- _GIVEN RECORDS_
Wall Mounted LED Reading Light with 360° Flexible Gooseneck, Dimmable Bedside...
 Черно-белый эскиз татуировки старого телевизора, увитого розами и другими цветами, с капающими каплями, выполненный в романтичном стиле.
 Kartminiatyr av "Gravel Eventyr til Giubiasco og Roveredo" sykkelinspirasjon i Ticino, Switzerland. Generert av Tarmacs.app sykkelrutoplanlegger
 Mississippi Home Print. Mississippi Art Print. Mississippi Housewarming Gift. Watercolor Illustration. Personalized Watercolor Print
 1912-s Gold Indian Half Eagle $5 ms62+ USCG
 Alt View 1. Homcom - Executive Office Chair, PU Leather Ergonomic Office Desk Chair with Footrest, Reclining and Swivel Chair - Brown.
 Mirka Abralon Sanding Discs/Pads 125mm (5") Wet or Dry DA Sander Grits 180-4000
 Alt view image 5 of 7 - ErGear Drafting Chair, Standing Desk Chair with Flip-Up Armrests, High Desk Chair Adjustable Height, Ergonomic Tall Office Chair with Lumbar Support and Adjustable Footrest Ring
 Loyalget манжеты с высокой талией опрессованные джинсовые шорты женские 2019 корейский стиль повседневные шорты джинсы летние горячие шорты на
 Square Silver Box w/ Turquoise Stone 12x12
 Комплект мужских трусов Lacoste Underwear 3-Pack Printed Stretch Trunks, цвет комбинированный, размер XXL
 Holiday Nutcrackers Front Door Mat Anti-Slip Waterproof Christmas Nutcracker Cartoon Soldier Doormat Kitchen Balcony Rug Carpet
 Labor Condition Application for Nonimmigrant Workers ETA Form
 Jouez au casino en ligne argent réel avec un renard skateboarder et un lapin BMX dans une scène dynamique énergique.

- _BRIEF_
In the records above, find every line containing the word "Desk" and show it.

- _RESULT OF THE EXERCISE_
 Alt View 1. Homcom - Executive Office Chair, PU Leather Ergonomic Office Desk Chair with Footrest, Reclining and Swivel Chair - Brown.
 Alt view image 5 of 7 - ErGear Drafting Chair, Standing Desk Chair with Flip-Up Armrests, High Desk Chair Adjustable Height, Ergonomic Tall Office Chair with Lumbar Support and Adjustable Footrest Ring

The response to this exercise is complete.